No deja de sorprenderme la existencia de personas que se postulan para alcalde/sa y concejal/a. Muchas, supongo, con ilusión y de buena fe. Con la bancarrota que llevamos a cuestas, yo sufriría por no poder darle a Jaén más, porque Jaén merece más, sin duda, y no sé si sería posible ofrecérselo teniendo que hacer frente al asfixiante vencimiento de intereses de la deuda municipal. La verdad, me parece casi imposible la labor, salvar a la ciudad de la kakistocracia y gestionarla sin aumentar la deuda. Sólo para arreglar las calles nos hacen falta millones de euros que nunca tendremos. En cualquier caso, si me decidiera, me postularía como mal menor. Me fío más o menos de mí, —sin excesos—, y más de mí que de algunas o algunos que veo pidiendo el voto, vistas sus obras o sus propuestas. Mi eslogan, simple: Vota al partido Mal Menor. Democrático, eso sí. Mal Menor Democrático. (No confundir con el Mar Menor, que está en Murcia). No, mejor no me presento que luego hay que comulgar con las ruedas de molino que imponen los partidos desde fuera de la ciudad contra los íntimos intereses de la misma, y para eso no tengo el estómago ni las tragaderas que tienen otros. Aunque me tienta, no crean, eso de mandar, gestionar otra ampliación de crédito, distribuir las pocas monedas que sobrevivan en las arcas de la ciudad en función de mi propia ideología, de mis propios gustos, mis colegas de partido, my way.

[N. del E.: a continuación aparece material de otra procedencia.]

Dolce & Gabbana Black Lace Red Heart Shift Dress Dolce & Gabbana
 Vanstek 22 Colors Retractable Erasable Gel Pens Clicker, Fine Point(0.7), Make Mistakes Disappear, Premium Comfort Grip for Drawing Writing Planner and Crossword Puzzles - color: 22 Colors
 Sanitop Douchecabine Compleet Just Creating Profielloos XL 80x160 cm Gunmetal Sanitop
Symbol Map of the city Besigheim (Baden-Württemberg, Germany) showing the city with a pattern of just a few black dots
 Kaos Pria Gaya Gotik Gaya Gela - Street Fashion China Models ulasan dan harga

El caso es que estoy decidido a aprovechar la campaña. No la del aceite, que también, —el precio actual lo convierte en una saludable ganga— sino la otra, la electoral. Analizaré las propuestas políticas de forma desapasionada, estudiaré a los partidos como a empresas que operan en un mercado competitivo ofreciendo su producto con la intención de que les compren el mayor número posible de unidades, con votos que se traducirán en euros que costeen su funcionamiento... Me informaré y acabaré comprando el producto de aquel partido que dignifique mi barrio, que se comprometa a reducir el déficit y a gestionar bien. Votaré, como buen consumidor, a las siglas que me vendan el detergente que lave más blanco decencia con extra de suavizante de inteligencia. Si no lo hay, sin duda lo habrá.

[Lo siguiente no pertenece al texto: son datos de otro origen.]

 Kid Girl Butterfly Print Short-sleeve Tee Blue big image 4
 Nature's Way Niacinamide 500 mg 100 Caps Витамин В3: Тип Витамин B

Llegados a este punto tenía intención de denunciar la conducta de quienes se postulan para gobernar el municipio en nombre de unos principios políticos, y si no te gustan tienen otros, como decía Groucho Marx, y si no te gustan otros-otros, siempre que consigan la franquicia. De oca a oca saltan como salmones en pos del desove inverso, de un partido a otro, y a otro, buscando escurridizos la oportunidad de seguir en el negocio sirviéndonos -liberados, cómo no- por los siglos de los siglos. Bien saben que no faltará una partida de crédito en la bancarrota para pagar su amor a la ciudad, sus imprescindibles oficios. Pero quién soy yo, me digo, para censurar a quien milita en tres partidos en unos pocos años si el transfuguismo entre los partidos implicados marca tendencia en la nación toda.

Me pedía el cuerpo sacarles los colores a las criaturas y ya ven, ni ese gusto puedo darme: la realidad ha convertido el oportunismo político desvergonzado en actos consecuentes, rebosantes de lógica y de ética, en pura evolución de la especie, en marca personal, —selfbranding, que dicen los pedantes pidiendo a gritos una guantá a mano llena como la que se llevó El Caranchoa—. Con este panorama, que no le deja a uno ni el derecho a la pataleta, -ignoro si victimista o víctima—, me dan ganas de irme a New York, donde practican el aborto después del nacimiento, según un tal Suárez, para que hagan lo propio conmigo, talludito ya, y terminen de una vez mis sufrimientos jaeneros.

P.D. Justo antes de enviar este artículo salta palpitante la noticia de que le han concedido un nuevo premio a la ciudad de Jaén. Lo concede la OCU a la ciudad más sucia de España. Ya no somos campeones, sino bicampeones, oé, si sumamos el campeonato conseguido al déficit por habitante. No, si al final verán ustedes cómo acabo cortándome las venas en el avión a New York.